----- Provided data
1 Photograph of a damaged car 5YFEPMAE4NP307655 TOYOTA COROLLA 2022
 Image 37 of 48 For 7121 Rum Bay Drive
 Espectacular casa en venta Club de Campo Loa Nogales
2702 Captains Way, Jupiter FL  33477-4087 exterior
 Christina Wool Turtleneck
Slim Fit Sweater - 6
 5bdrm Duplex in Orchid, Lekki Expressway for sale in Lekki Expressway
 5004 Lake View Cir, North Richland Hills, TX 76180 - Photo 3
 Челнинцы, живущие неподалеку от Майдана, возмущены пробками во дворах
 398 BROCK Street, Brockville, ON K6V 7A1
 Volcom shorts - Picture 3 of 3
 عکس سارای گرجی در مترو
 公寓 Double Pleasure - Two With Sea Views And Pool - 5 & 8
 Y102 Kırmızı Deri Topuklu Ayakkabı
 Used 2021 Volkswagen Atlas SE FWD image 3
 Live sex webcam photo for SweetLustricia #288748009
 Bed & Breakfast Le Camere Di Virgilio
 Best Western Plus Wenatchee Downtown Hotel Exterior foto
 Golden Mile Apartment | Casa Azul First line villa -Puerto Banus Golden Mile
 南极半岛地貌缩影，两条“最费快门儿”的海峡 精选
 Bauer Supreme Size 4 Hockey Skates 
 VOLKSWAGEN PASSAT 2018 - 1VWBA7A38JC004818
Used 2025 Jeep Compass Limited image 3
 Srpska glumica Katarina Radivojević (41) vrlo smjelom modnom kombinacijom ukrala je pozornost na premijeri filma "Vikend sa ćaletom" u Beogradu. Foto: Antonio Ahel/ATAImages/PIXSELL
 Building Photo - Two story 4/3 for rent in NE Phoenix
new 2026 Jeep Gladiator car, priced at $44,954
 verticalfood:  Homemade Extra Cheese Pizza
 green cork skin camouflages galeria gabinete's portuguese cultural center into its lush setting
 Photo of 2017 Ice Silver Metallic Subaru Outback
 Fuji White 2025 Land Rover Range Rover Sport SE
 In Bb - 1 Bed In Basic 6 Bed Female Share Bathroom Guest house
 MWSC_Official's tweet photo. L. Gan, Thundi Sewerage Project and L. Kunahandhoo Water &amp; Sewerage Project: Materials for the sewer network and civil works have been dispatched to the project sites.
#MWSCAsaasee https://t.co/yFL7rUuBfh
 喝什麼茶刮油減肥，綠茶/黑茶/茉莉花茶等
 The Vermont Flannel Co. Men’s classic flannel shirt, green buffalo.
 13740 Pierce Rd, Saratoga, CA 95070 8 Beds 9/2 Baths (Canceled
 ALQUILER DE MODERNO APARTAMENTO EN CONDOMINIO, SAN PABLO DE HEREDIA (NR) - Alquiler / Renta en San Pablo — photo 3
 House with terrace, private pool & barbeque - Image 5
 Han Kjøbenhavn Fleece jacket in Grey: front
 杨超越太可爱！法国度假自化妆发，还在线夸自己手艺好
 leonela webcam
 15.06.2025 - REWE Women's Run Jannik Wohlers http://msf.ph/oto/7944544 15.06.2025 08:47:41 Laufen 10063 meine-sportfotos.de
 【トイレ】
----------
**Problem statement:** Exact copies of all the records are required.

**Answer box:**
1 Photograph of a damaged car 5YFEPMAE4NP307655 TOYOTA COROLLA 2022
 Image 37 of 48 For 7121 Rum Bay Drive
 Espectacular casa en venta Club de Campo Loa Nogales
2702 Captains Way, Jupiter FL  33477-4087 exterior
 Christina Wool Turtleneck
Slim Fit Sweater - 6
 5bdrm Duplex in Orchid, Lekki Expressway for sale in Lekki Expressway
 5004 Lake View Cir, North Richland Hills, TX 76180 - Photo 3
 Челнинцы, живущие неподалеку от Майдана, возмущены пробками во дворах
 398 BROCK Street, Brockville, ON K6V 7A1
 Volcom shorts - Picture 3 of 3
 عکس سارای گرجی در مترو
 公寓 Double Pleasure - Two With Sea Views And Pool - 5 & 8
 Y102 Kırmızı Deri Topuklu Ayakkabı
 Used 2021 Volkswagen Atlas SE FWD image 3
 Live sex webcam photo for SweetLustricia #288748009
 Bed & Breakfast Le Camere Di Virgilio
 Best Western Plus Wenatchee Downtown Hotel Exterior foto
 Golden Mile Apartment | Casa Azul First line villa -Puerto Banus Golden Mile
 南极半岛地貌缩影，两条“最费快门儿”的海峡 精选
 Bauer Supreme Size 4 Hockey Skates 
 VOLKSWAGEN PASSAT 2018 - 1VWBA7A38JC004818
Used 2025 Jeep Compass Limited image 3
 Srpska glumica Katarina Radivojević (41) vrlo smjelom modnom kombinacijom ukrala je pozornost na premijeri filma "Vikend sa ćaletom" u Beogradu. Foto: Antonio Ahel/ATAImages/PIXSELL
 Building Photo - Two story 4/3 for rent in NE Phoenix
new 2026 Jeep Gladiator car, priced at $44,954
 verticalfood:  Homemade Extra Cheese Pizza
 green cork skin camouflages galeria gabinete's portuguese cultural center into its lush setting
 Photo of 2017 Ice Silver Metallic Subaru Outback
 Fuji White 2025 Land Rover Range Rover Sport SE
 In Bb - 1 Bed In Basic 6 Bed Female Share Bathroom Guest house
 MWSC_Official's tweet photo. L. Gan, Thundi Sewerage Project and L. Kunahandhoo Water &amp; Sewerage Project: Materials for the sewer network and civil works have been dispatched to the project sites.
#MWSCAsaasee https://t.co/yFL7rUuBfh
 喝什麼茶刮油減肥，綠茶/黑茶/茉莉花茶等
 The Vermont Flannel Co. Men’s classic flannel shirt, green buffalo.
 13740 Pierce Rd, Saratoga, CA 95070 8 Beds 9/2 Baths (Canceled
 ALQUILER DE MODERNO APARTAMENTO EN CONDOMINIO, SAN PABLO DE HEREDIA (NR) - Alquiler / Renta en San Pablo — photo 3
 House with terrace, private pool & barbeque - Image 5
 Han Kjøbenhavn Fleece jacket in Grey: front
 杨超越太可爱！法国度假自化妆发，还在线夸自己手艺好
 leonela webcam
 15.06.2025 - REWE Women's Run Jannik Wohlers http://msf.ph/oto/7944544 15.06.2025 08:47:41 Laufen 10063 meine-sportfotos.de
 【トイレ】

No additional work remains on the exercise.